Tenemos por tanto muchos motivos para sentirnos orgullosos de España y de la
aventura común que nuestros antepasados emprendieron. Sin embargo, nuestro
patriotismo está por los suelos. ¿Hay algún motivo objetivo para que sea así?
Sencillamente, no. ¿Por qué los colombianos morirían por defender a su país y
la mitad de los españoles, como atestiguan algunas encuestas, dicen no sentirse
involucrados en caso de que otro país nos invada?
La razón
salta a la vista. Los sentimientos nacionales deben cultivarse, no dejarse de
lado y el Estado, así como la autonomía balear, han hecho dejación absoluta de
responsabilidades al dejar cualquier pedagogía nacional en manos de los
enemigos de España.

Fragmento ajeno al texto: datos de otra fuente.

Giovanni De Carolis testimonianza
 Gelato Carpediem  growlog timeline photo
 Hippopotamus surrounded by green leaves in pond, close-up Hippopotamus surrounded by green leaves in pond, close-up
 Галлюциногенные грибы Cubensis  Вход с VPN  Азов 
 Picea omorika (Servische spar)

Si un ente político quiere sobrevivir, no pueden dejar de
lado los referentes (simbólicos, históricos, lingüísticos, institucionales,
folklóricos) que le han dado su razón de ser y que conforman el relato de una
conciencia colectiva común.
El PP balear ha renunciado a construir un discurso
referencial con el que hacer frente al discurso catalanista. Y UPyD, para
referirme al otro partido nacional que nos queda, prefiere entregarse al
llamado patriotismo constitucional de Habermas antes que enfangarse en
“sentimentalismos” de banderas, himnos y gestas históricas. Y así nos va. Al
final, una identidad sólo se combate con otra identidad, no con una
no-identidad. Pensar que desde el patriotismo constitucional, la neutralidad y
la no intervención puede uno enfrentarse al nacionalismo agresivo de los
separatistas vascos y catalanes es de una candidez insuperable.
Los poderes públicos están obligados a dar la vuelta a la
situación y esto pasa por empezar a educar a los escolares. Yo aconsejaría al
ejecutivo de Bauzá que, en la nueva ley de símbolos, tratara a la universidad y
a los centros de educación públicos y concertados como edificios oficiales
civiles para exigirles que la bandera nacional y la autonómica figuraran en un
lugar bien visible tanto en el exterior como en su interior. Al mismo tiempo,
añadiría otra enmienda a la nueva ley de símbolos para obligar a los equipos
directivos a realizar un acto cívico semanal en el que se rindieran honores a
los símbolos de España y Baleares. Sólo así, cultivando el amor a la patria
desde pequeños, la nación española tendrá alguna posibilidad de sobrevivir al
marasmo económico y secesionista. Pese a su problemática infinitamente más dura
y compleja, Colombia ya está saliendo adelante y si puede hacerlo es porque
nunca ha dejado de ser una nación gracias a actos cívicos como el de Riohacha.